Task requirements. Pull out every line from the line containing "Do you have" through the end of the material, both ends included, and reproduce it exactly. Keep pictures out.

Information provided.
- Opening Delimiter -

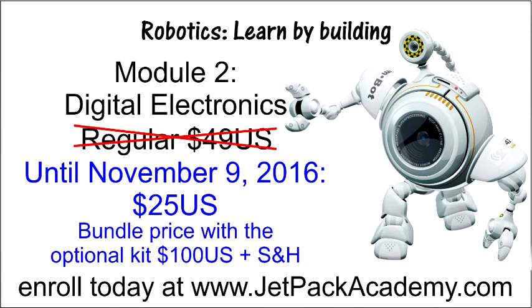You can enroll at jetpackacademy.com. The first lesson in the module is open for free preview and will show what is in the kit and provide a parts list for what you'll need in this module. The course will be released November 10th. Enjoy the course.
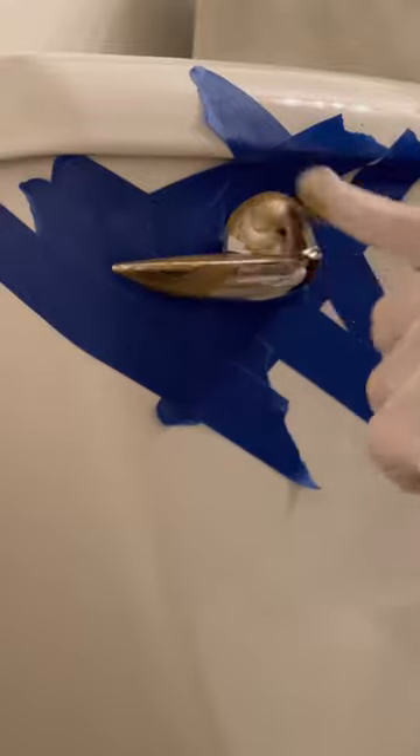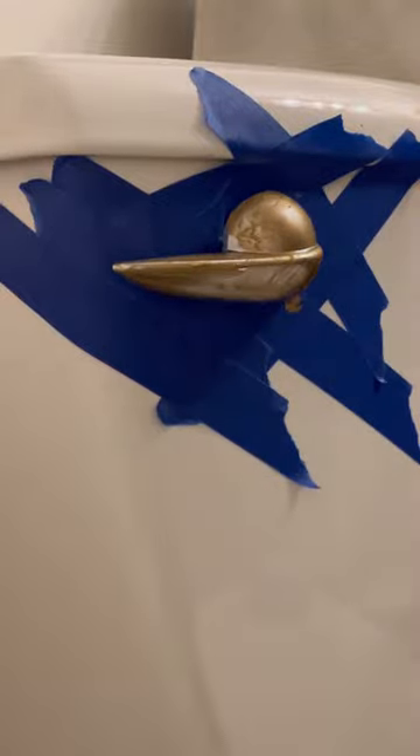Do you have trouble getting Rub N Buff to stick to certain objects? Well, here's what you should do. Wipe off as much of it as you can with a Clorox wipe and let it dry completely.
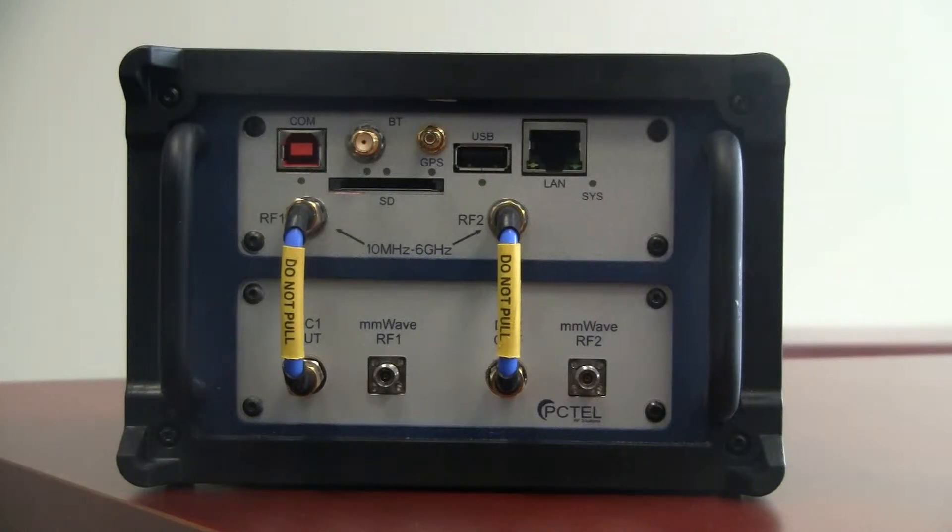This is Nick from PC-TEL. In this video, we're going to review all the inputs and outputs of the HB-Flex scanner to enable you to be confident that you have configured correctly. This is the PC-TEL HB-Flex scanner — a multi-technology scanner with a focus on 5G.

- Closing Delimiter -

Result.
Do you have trouble getting Rub N Buff to stick to certain objects? Well, here's what you should do. Wipe off as much of it as you can with a Clorox wipe and let it dry completely.
This is Nick from PC-TEL. In this video, we're going to review all the inputs and outputs of the HB-Flex scanner to enable you to be confident that you have configured correctly. This is the PC-TEL HB-Flex scanner — a multi-technology scanner with a focus on 5G.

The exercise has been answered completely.